Information technology. Our work on IT with defense forces has shown that it is possible to increase the efficiency of the data architecture three to four times by clarifying the decision rights and authority held by individual program managers and system integrators. When responsibilities and controls are tangled and overlap, between 60 and 80 percent of resources are typically underutilized. After aggregating resources to share fixed costs, it is possible to drive labor productivity up (and in some cases to double it) by segmenting, consolidating, and streamlining work flows.

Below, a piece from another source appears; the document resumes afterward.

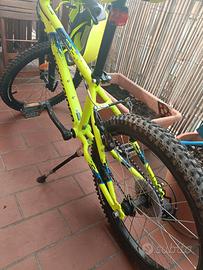 Bici Bambini 20"-6-9 Anni-Seminuova-BoloCentro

At around $33 billion annually, the DOD is the world’s largest spender on IT by a factor of three, yet it struggles to achieve the scale benefits typically enjoyed by a $1 billion organization. Recently the department has begun to find ways to get better yield from its IT expenditures. The Office of the Under Secretary of Defense for Personnel and Readiness (P&R) launched a broad transformation program in 2011 to modernize and realize economies of scale. P&R identified more than $400 million in annual savings (more than 15 percent of its total IT budget) through data-center consolidation (including reductions in the number of sites, better utilization of servers and floor space, and reductions in real-estate costs); productivity improvements (such as lowering desk-side support ratios and providing more remote support); and strategic sourcing (for example, rationalizing the number of software licenses and changing the frequency of hardware-refreshment cycles).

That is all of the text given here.